Source material –

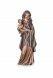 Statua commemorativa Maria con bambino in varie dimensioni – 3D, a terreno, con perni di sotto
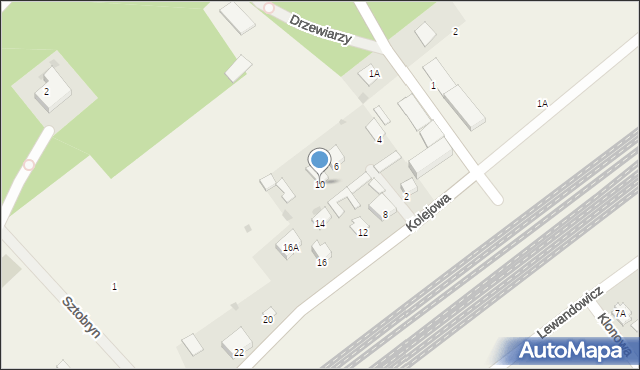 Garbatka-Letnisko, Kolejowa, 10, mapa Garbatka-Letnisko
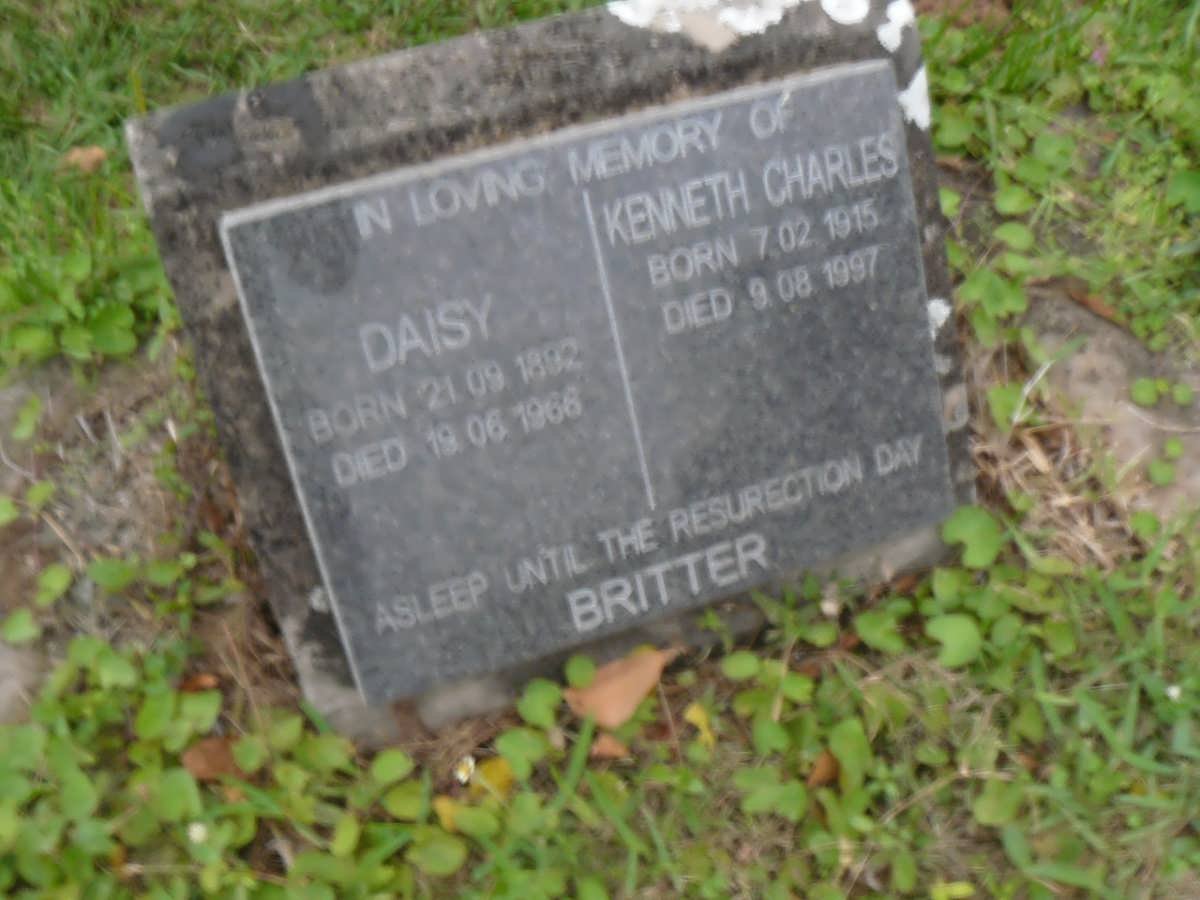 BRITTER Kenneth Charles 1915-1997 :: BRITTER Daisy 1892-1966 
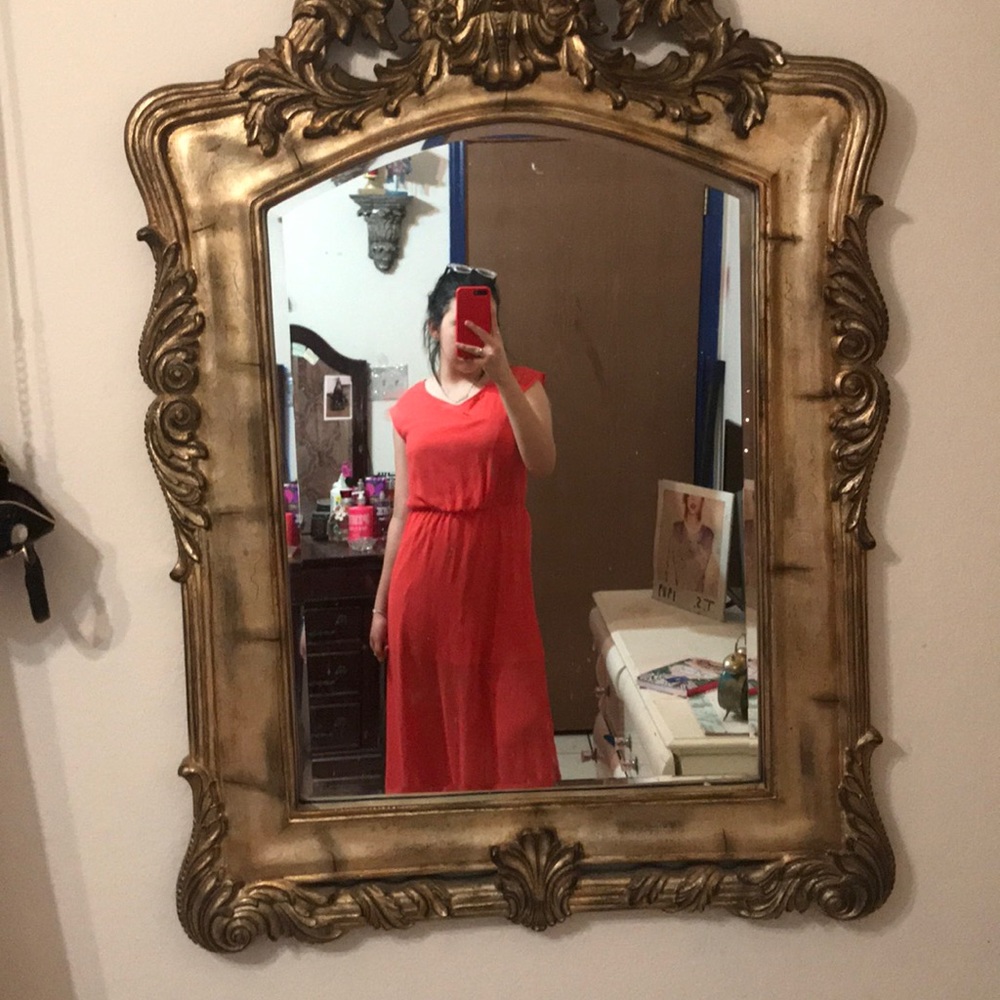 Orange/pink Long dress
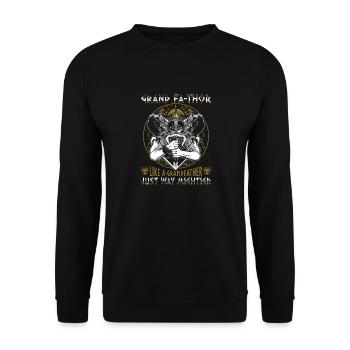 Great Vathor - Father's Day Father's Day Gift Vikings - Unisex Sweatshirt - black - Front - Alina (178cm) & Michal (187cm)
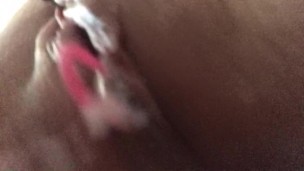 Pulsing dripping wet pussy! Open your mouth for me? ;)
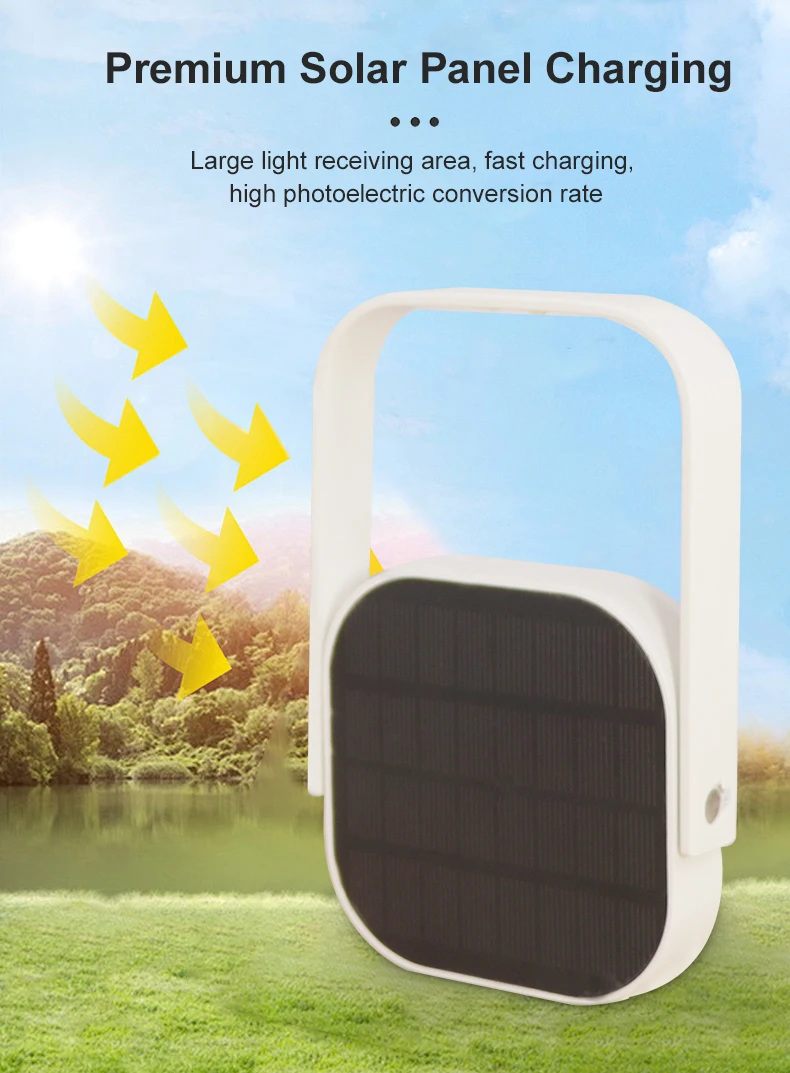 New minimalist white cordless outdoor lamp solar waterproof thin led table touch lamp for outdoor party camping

...

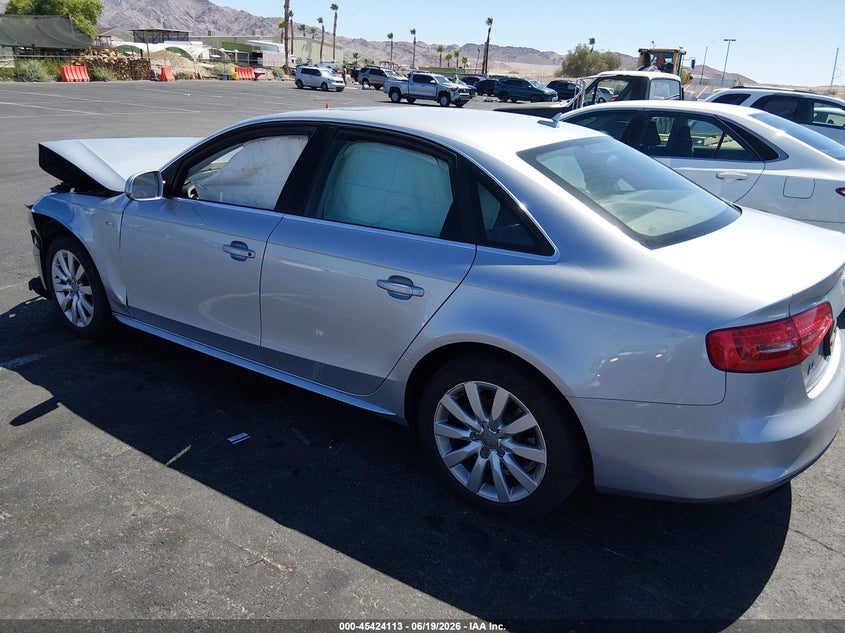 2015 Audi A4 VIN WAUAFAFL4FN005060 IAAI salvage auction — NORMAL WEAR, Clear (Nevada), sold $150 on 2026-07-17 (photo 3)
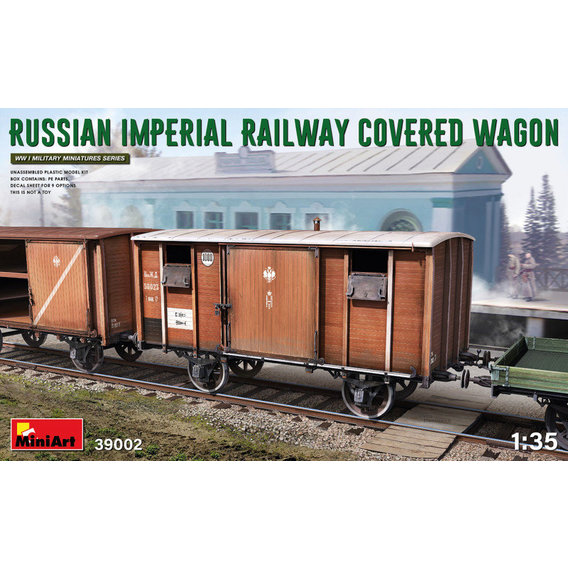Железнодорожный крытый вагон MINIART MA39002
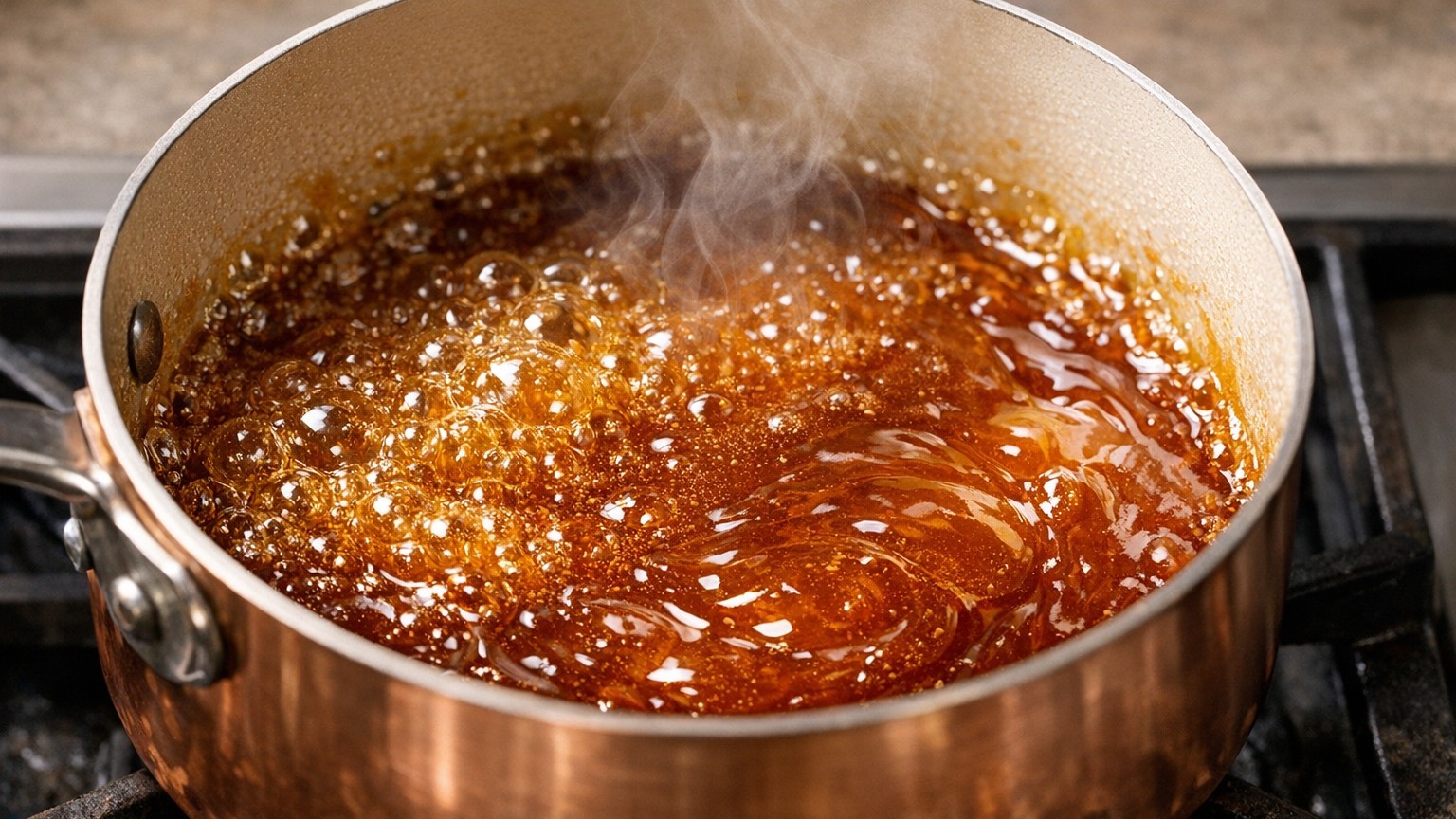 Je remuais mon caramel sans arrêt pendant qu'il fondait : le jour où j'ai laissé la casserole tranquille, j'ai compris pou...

Work to be completed –
With the pictures omitted, print the lines above exactly, beginning at the line with "Statua commemorativa Maria" and going on through the line with "New minimalist white".

Solution to this task –
 Statua commemorativa Maria con bambino in varie dimensioni – 3D, a terreno, con perni di sotto
 Garbatka-Letnisko, Kolejowa, 10, mapa Garbatka-Letnisko
 BRITTER Kenneth Charles 1915-1997 :: BRITTER Daisy 1892-1966 
 Orange/pink Long dress
 Great Vathor - Father's Day Father's Day Gift Vikings - Unisex Sweatshirt - black - Front - Alina (178cm) & Michal (187cm)
 Pulsing dripping wet pussy! Open your mouth for me? ;)
 New minimalist white cordless outdoor lamp solar waterproof thin led table touch lamp for outdoor party camping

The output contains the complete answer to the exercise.